In an online article, van der Wees argues that these officials are pleased with DPP chairperson Tsai Ing-wen’s (蔡英文) vision of “rebalancing” Taiwan’s relations and moving closer to the US and its allies in the region.
Replying to an article posted last week by US academic Bonnie Glaser of the Center for Strategic and International Studies, van der Wees disputes her contention that the administration of US President Barack Obama has a “clear preference” for Ma. “I cannot agree,” he said.
Glaser wrote that the US announcement of Taiwan’s candidacy for the Visa Waiver Program (VWP) and the recent spate of high-level US visits to the country were signals that Washington wanted Ma to win a second term in office.
However, “US officials have clearly stated that the VWP announcement had its own timeline, and was simply the result of Taiwan fulfilling a set of criteria set by the US,” van der Wees says. “Indeed, the negotiations on Taiwan’s participation in the Visa Waiver Program were initiated by the [former president] Chen Shui-bian (陳水扁) administration and took several years in coming.

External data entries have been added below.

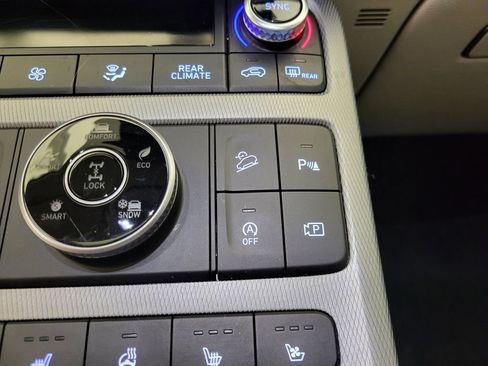 Used 2024 Hyundai Palisade Limited image 15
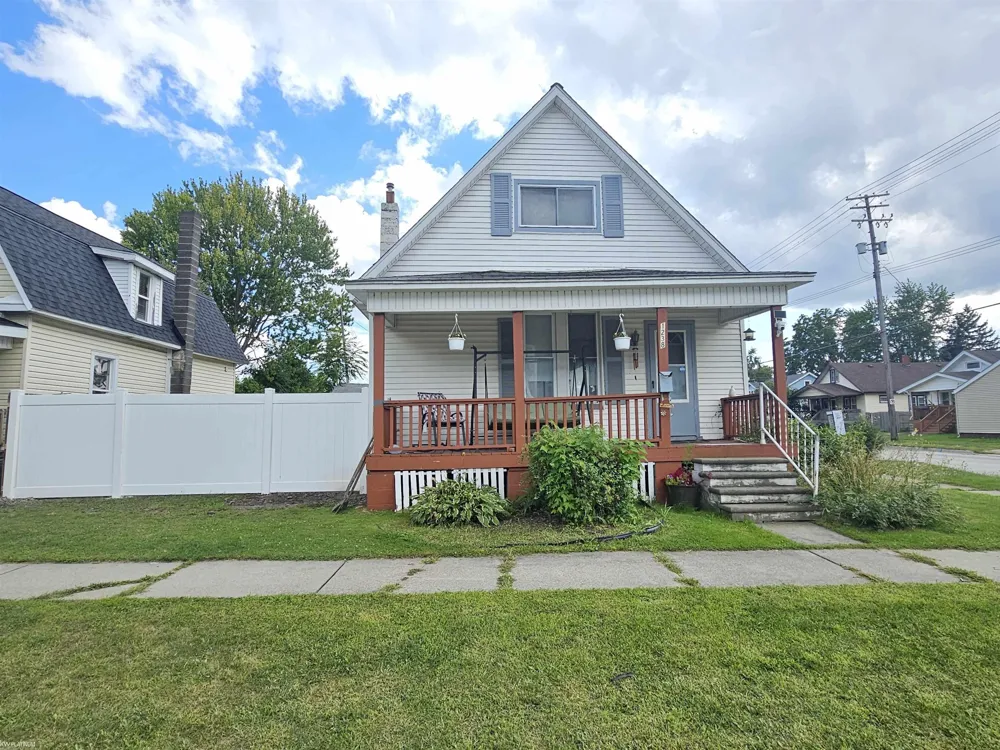 1238 Chestnut Street Port Huron City, MI 48060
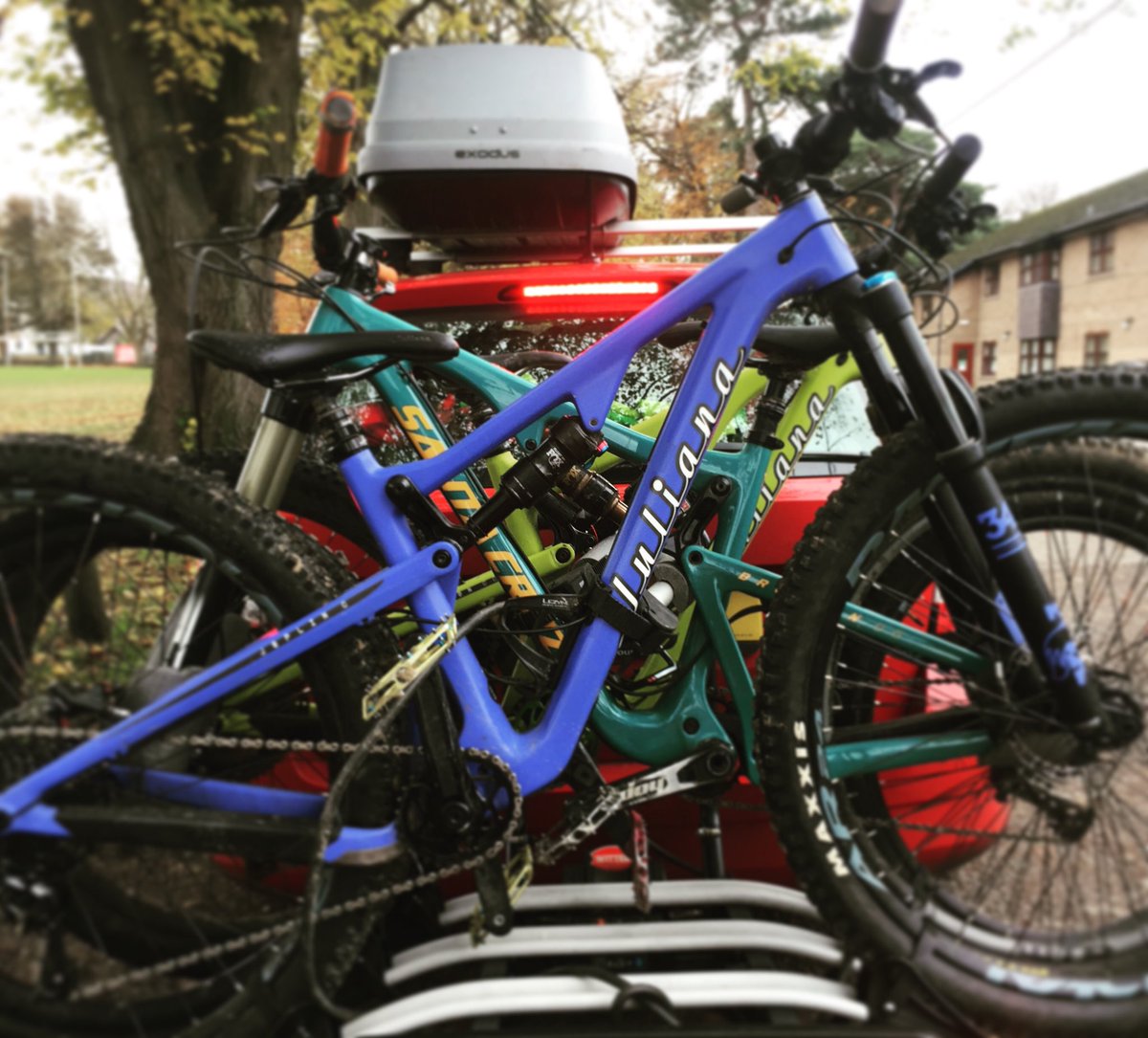 MTBcoaching's tweet photo. On our way to @kendalmountainfestival for the bike night. @santacruzbicycles @sweetprotection @julianabicycles #mtb #mtbwomen #gojuliana #womencycling #outdoors #trails #mtblife #ovalrevolution #wtb #roadtrip #mtbroadtrip #thisgirlcan ##ridelikeagirl @crankedbikemag https://t.co/rswZTSyrhO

Of course it is likely that the Ma administration has worked harder to fulfill those criteria with the upcoming elections in mind.”
In addition, the high-level visits could be a result of the Obama administration listening more closely to Congress where members have been increasingly vocal in arguing for more such visits, he added.
Van der Wees said that Glaser’s article was “problematic” because it portrayed US officials as having “lingering worries” and being concerned about “Tsai’s unwillingness to be forthcoming about concrete policies towards the Mainland that she would pursue if elected.”
“Perhaps these US officials should wonder aloud whether the Chinese leaders are both willing and able to continue the stability in cross-strait relations the region has enjoyed in recent years. They might add that it is far from clear that the leaders in Beijing and their advisers fully appreciate the depth of the mistrust of their motives and PRC [People’s Republic of China] aspirations in countries surrounding China and particularly in Taiwan,” he added.
“Dr Tsai has shown herself to be a creative and pragmatic thinker, but the response — from Ma and from Beijing — has been to revert to old and empty ‘One China’ mantras,” van der Wees said.
The root cause of cross-strait instability, he added was that China does not wish to have a democracy on its doorstep and that it sees Taiwan as a springboard for its power projection into the Pacific.
“Taiwan is not threatening China in any way, except by being a vibrant democracy,” he said.
It is a fiction to believe that by accommodating China on the Taiwan issue, Washington could get it to be more cooperative on other issues, van der Wees said.
“China will play hardball on those other issues no matter what happens in Taiwan,” he said. “The only way to get it to play by international rules is for the US to play hardball in return.”